Pull every line containing the word "background" out of the material below.

Data -
-------------------------

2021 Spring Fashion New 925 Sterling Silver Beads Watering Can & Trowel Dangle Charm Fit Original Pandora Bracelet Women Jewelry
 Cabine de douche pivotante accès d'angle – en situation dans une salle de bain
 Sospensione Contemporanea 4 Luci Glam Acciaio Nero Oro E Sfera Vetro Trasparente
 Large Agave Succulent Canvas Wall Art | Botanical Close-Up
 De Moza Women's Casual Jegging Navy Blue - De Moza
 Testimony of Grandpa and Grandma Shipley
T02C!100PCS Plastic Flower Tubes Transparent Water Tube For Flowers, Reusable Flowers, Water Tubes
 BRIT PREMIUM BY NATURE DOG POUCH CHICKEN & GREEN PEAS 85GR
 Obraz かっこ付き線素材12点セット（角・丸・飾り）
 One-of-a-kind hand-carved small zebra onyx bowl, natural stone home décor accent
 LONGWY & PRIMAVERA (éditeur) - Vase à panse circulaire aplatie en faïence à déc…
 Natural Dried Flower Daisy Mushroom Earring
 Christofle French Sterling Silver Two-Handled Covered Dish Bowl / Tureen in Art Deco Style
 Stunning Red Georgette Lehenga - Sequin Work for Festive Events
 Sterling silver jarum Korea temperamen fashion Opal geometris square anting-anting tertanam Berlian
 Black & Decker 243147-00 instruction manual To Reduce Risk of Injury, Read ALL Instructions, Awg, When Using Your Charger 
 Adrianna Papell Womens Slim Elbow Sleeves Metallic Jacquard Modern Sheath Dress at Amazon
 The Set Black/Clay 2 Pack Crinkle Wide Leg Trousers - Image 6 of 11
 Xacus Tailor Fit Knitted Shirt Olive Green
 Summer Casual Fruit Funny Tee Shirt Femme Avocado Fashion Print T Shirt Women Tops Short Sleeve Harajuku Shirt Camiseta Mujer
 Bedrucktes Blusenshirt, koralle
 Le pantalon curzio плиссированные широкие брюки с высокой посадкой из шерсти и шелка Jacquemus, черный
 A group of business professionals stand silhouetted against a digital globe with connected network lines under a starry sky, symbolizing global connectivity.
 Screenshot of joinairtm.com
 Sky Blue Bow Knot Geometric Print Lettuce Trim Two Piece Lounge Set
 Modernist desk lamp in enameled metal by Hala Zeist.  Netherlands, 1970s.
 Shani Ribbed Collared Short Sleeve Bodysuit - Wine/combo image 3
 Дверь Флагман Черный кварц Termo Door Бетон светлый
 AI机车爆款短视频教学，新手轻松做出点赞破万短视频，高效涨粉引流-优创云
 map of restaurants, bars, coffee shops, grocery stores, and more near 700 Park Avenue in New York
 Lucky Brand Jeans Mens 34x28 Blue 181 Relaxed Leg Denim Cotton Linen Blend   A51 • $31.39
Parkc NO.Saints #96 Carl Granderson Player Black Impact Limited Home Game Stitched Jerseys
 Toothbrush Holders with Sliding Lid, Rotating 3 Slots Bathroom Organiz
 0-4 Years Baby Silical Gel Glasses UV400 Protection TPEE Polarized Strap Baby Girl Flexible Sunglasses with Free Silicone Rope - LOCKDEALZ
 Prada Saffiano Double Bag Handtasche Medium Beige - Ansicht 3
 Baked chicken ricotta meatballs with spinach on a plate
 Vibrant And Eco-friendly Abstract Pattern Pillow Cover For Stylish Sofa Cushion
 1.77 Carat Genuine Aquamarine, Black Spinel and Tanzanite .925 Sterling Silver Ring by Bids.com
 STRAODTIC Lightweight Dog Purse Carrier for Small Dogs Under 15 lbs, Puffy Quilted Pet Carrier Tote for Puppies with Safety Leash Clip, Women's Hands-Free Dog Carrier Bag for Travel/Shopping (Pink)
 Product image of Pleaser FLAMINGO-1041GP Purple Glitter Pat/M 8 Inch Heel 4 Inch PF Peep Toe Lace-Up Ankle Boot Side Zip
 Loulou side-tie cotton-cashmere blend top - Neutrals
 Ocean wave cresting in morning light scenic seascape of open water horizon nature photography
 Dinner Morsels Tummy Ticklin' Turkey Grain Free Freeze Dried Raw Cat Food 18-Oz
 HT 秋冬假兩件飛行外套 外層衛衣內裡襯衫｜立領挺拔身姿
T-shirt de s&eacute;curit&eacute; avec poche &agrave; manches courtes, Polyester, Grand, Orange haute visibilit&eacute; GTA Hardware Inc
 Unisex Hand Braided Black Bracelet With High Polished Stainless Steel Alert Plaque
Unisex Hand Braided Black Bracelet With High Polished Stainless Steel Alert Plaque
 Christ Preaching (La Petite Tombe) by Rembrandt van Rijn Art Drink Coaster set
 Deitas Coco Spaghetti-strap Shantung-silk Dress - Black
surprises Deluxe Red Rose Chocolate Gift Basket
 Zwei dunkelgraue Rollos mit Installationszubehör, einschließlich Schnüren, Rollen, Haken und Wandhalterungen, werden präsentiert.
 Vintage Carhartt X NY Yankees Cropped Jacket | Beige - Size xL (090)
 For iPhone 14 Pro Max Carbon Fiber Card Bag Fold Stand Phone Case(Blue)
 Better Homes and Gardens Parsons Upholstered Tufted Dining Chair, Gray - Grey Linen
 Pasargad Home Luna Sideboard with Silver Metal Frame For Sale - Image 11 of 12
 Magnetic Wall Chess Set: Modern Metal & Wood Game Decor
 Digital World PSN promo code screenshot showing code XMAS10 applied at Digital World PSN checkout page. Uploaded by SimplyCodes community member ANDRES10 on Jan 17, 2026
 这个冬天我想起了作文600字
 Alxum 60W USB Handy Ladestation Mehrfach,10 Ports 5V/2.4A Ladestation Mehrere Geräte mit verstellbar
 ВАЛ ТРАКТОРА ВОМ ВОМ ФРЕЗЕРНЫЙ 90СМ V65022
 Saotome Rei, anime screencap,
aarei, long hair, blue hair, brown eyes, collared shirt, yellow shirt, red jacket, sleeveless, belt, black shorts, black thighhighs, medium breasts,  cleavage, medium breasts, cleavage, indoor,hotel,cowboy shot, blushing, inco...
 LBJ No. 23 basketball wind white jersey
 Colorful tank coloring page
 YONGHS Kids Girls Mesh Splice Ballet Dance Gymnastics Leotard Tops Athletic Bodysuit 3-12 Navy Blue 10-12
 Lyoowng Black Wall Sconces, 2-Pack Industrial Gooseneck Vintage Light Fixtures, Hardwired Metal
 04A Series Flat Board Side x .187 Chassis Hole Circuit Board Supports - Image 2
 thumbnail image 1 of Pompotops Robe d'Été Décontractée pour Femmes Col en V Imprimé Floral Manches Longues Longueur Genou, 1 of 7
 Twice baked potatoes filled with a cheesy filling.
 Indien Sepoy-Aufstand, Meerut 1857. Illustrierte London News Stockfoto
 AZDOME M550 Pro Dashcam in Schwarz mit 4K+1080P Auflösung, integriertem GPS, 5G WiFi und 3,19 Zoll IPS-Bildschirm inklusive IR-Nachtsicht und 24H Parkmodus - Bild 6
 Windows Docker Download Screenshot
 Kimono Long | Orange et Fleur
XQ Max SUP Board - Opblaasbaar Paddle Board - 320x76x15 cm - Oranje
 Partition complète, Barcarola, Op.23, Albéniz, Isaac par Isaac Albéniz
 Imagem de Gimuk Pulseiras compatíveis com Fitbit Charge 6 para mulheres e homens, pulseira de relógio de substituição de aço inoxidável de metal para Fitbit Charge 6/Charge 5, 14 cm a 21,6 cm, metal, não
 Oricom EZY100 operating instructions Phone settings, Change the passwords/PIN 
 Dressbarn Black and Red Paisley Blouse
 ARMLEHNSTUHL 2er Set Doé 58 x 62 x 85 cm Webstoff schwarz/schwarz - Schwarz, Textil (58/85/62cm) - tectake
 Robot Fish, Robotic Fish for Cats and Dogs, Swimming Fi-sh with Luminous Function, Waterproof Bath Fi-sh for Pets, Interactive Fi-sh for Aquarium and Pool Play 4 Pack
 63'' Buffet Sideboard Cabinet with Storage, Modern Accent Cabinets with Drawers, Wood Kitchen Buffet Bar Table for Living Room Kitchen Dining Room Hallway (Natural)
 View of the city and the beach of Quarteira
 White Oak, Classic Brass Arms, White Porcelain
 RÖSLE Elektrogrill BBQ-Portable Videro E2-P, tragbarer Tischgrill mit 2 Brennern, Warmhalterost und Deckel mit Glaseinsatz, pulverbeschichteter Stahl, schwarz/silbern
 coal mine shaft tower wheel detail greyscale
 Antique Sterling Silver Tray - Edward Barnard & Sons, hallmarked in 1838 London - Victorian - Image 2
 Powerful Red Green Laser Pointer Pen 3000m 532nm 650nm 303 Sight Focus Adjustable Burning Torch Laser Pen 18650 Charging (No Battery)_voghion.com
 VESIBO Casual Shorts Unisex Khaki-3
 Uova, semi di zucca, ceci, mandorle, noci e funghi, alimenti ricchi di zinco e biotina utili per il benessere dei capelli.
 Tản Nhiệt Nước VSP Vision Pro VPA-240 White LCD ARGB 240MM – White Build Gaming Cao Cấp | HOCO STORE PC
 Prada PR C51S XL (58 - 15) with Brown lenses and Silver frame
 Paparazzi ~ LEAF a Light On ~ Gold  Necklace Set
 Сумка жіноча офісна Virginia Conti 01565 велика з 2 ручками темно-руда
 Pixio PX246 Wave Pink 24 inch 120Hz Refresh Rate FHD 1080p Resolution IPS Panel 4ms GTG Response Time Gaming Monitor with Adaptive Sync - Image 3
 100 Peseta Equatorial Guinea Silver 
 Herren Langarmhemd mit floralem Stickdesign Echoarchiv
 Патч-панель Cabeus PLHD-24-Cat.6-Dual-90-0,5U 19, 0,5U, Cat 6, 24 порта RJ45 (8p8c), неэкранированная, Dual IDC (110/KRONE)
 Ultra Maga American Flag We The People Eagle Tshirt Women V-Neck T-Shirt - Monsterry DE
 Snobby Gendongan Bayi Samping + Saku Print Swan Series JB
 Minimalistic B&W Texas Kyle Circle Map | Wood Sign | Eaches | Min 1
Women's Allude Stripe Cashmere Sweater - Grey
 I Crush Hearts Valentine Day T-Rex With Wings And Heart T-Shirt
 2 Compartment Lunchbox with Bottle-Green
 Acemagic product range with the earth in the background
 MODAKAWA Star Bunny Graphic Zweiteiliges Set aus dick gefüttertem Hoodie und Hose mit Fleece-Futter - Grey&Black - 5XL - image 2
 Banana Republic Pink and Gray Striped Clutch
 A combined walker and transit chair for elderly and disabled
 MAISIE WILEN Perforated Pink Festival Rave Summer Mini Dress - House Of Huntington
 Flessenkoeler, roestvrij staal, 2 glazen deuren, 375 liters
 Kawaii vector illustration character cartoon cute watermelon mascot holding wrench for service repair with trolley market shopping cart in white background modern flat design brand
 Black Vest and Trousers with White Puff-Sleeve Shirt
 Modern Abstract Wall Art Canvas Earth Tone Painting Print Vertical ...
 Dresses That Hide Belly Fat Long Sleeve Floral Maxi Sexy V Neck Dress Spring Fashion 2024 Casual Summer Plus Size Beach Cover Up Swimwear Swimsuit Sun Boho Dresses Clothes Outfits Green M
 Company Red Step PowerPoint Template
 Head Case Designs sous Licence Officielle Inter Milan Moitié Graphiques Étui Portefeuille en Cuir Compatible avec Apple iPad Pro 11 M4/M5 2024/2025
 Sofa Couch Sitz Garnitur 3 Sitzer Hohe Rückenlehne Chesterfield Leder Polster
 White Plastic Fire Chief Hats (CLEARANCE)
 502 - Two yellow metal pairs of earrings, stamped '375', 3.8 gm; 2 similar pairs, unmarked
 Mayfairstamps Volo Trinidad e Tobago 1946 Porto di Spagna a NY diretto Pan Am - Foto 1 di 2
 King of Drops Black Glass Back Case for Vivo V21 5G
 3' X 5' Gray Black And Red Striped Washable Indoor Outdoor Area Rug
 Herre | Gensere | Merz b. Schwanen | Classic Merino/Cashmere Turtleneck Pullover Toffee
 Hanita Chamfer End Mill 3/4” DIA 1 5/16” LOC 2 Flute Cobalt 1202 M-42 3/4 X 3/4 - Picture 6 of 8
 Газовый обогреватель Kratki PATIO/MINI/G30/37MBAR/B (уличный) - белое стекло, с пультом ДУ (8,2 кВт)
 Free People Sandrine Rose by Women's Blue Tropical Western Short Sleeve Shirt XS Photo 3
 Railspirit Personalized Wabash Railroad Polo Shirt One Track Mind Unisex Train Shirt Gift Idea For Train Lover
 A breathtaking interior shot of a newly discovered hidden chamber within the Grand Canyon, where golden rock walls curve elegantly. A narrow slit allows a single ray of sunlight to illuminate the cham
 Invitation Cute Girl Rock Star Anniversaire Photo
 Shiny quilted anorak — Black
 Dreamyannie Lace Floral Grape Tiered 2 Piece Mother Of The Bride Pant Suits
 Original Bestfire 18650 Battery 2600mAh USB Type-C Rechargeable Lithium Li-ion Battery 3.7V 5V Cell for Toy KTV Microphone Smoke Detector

-------------------------

Your response -
 Acemagic product range with the earth in the background
 Kawaii vector illustration character cartoon cute watermelon mascot holding wrench for service repair with trolley market shopping cart in white background modern flat design brand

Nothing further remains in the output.